In this part of our study we shall limit our inquiry to the static or vertical structure of values, to the hierarchies of values. The horizontal approach corresponds to a dynamic approach, to the dynamic function of goals, to the relationship between goals and individual and group actions.

The vertical structure corresponds to the hierarchy of norms. This hierarchy in turn suggests the morphology, the static relationship of norms.

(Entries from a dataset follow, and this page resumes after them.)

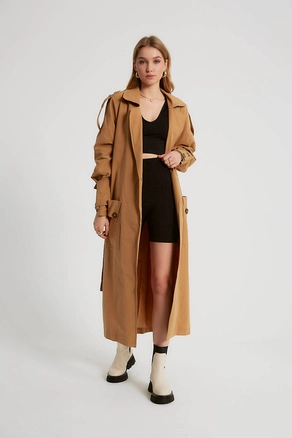 A model wears 3356 - Camel Trenchcoat, wholesale undefined of Robin to display at Lonca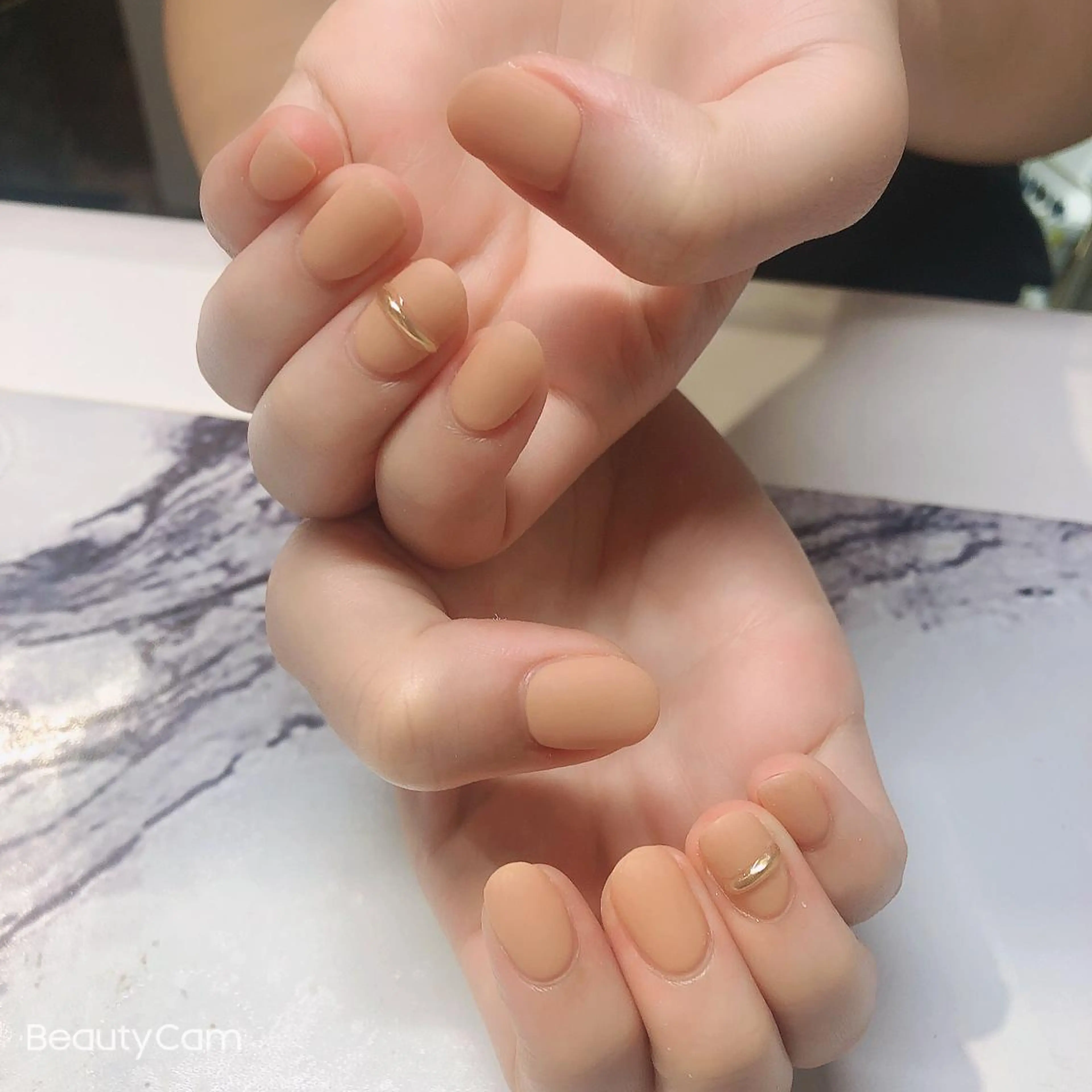 ネイル Guarendo錦糸町店所属・ガレンドウ 白澤 愛子のネイルデザイン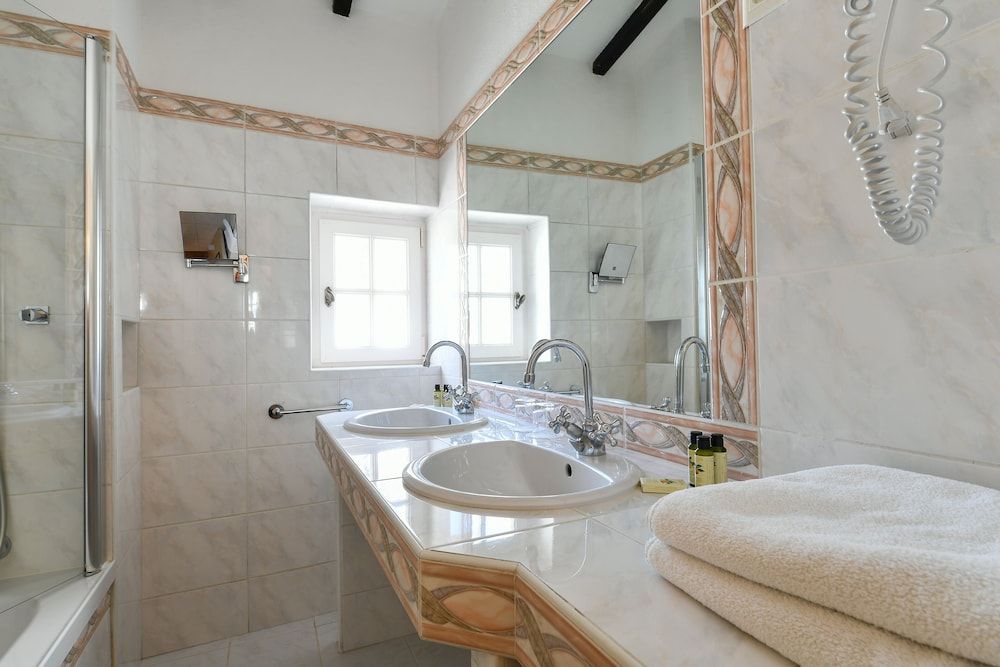 Classic Double Room, Ensuite, Garden View (CDC)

Empirical and Declaratory Data

There is always a risk of reification of values and norms in our theories, our discussions, even our observations and experimentations (should the latter be feasible at all). Values are not separate entities, independent of man and society. They are symbolic articulations of man's goals or norms of conduct, as well as theoretical constructs. They do appear, however, in our actions and behavior since they may, in certain areas of human activities, set the direction and regulate our actions. It is here, in our action and behavior, as well as in institutions, that their relevance is witnessed.

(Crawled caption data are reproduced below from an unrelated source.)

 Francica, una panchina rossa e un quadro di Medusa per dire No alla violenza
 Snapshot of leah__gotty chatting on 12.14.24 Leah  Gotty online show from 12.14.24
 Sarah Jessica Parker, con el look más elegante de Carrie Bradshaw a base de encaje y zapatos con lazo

The ideal norms can be also "registered" rather than "observed" when they appear in the form of an essay, statement, declaration, sermon, or admonition or in the concise style of imperatives and commandments. We may call such data "declaratory data." It is in this declaratory form that we may register at times the real as well as the ideal norms.

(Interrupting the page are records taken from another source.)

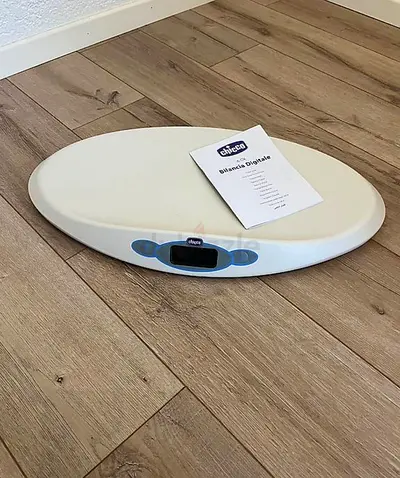 Chicco baby scale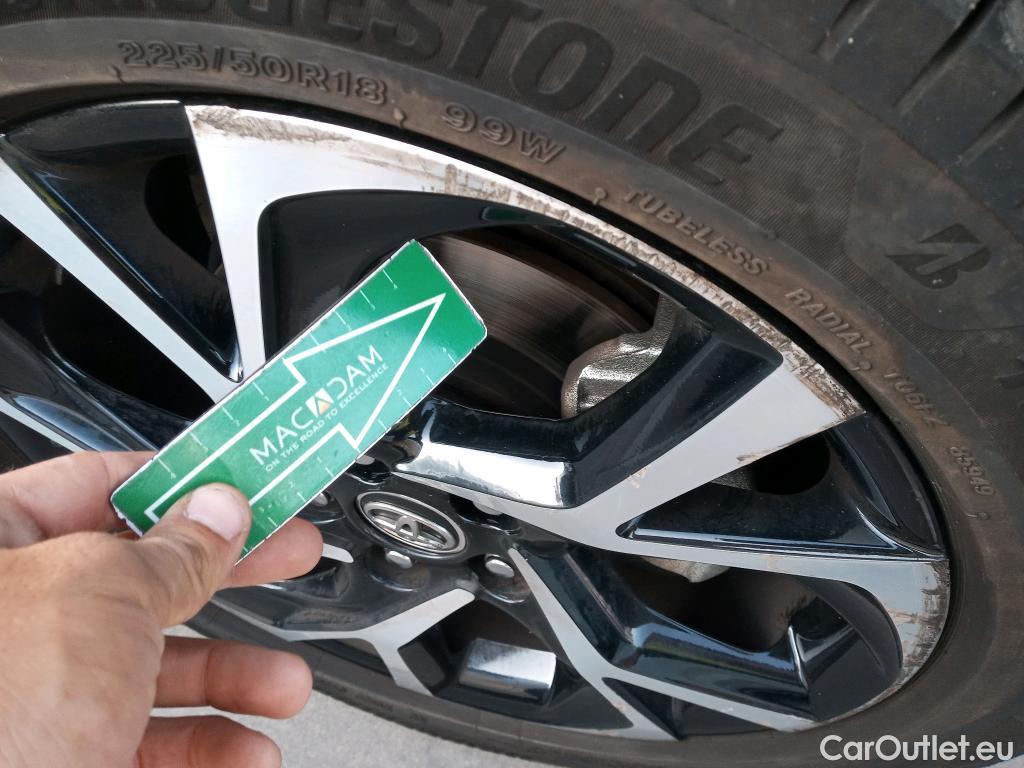  Toyota  C-HR TOYOTA  / 2016 / 5P / todoterreno 1.8 125H Advance (CX) #11
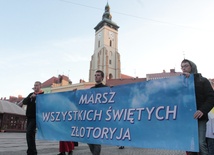 Noszą świętych na rękach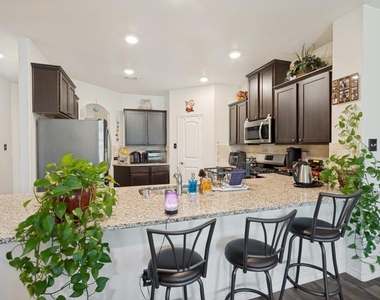 2920 Brazos Drive - Photo Thumbnail 8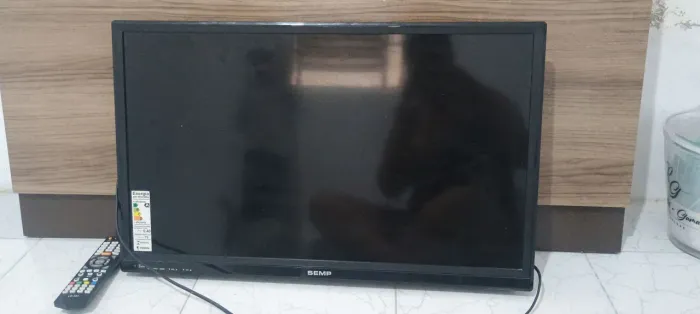 Vendo tv SEMP 29 polegadas + Painel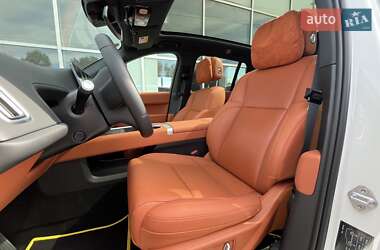 Внедорожник / Кроссовер Li Auto L6 2024 в 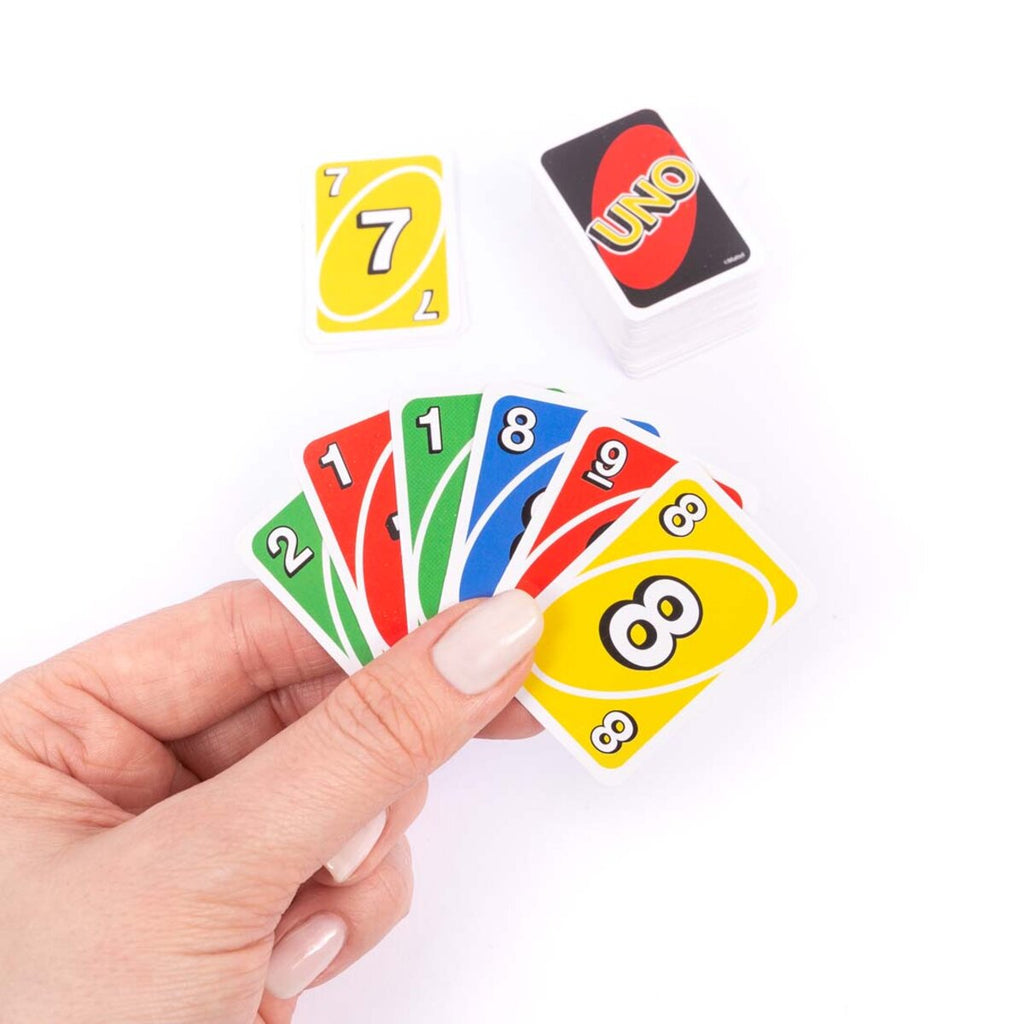 invento-worlds-smallest-uno-card-D5802EA63.jpg
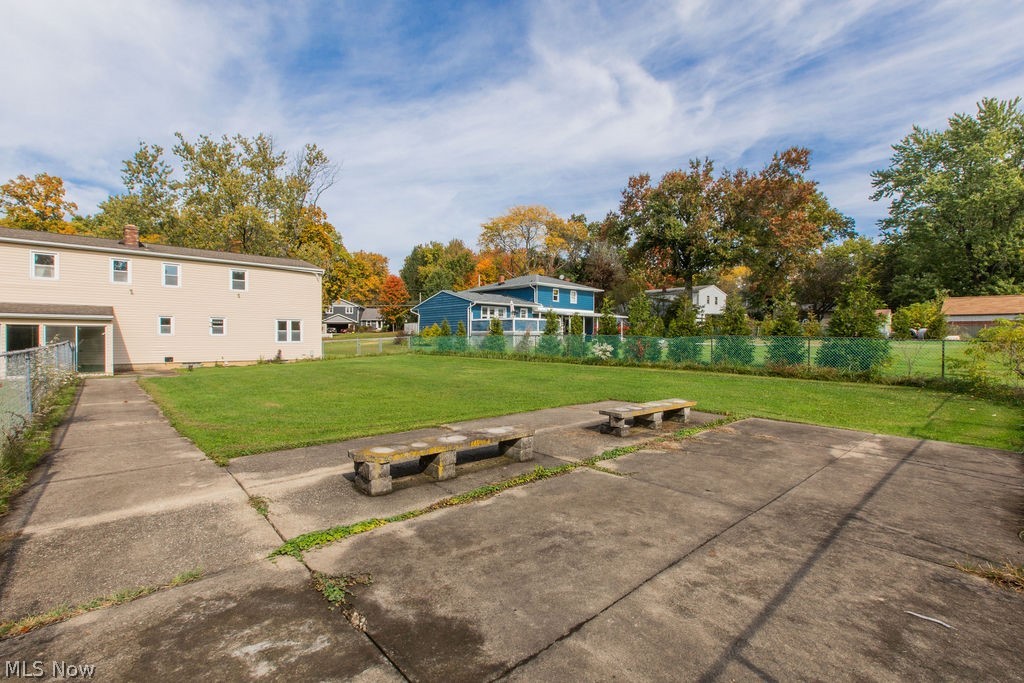 2361 Weymouth Road Hinckley OH 44233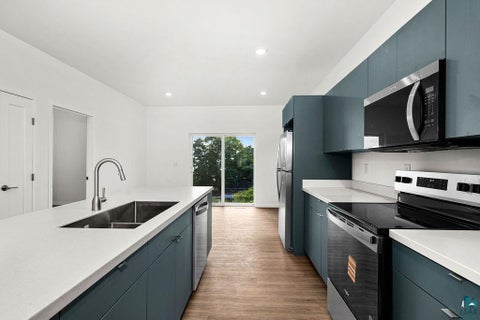 Tiny photo for 12 W 11th St, Duluth, MN 55806 (MLS # 6128031)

The learned books of Newton of Galileo are not the declaratory data of physics. They are findings, theories, oriented toward the relationship of nondeclaratory data, but facts, extraneous to man and to his observations. But how can we observe values? What we can observe in action (not a form of declaration) is relations between individuals and groups. Values appear as well in an empirical sense of observation and experimentation in a context of actions or behavior.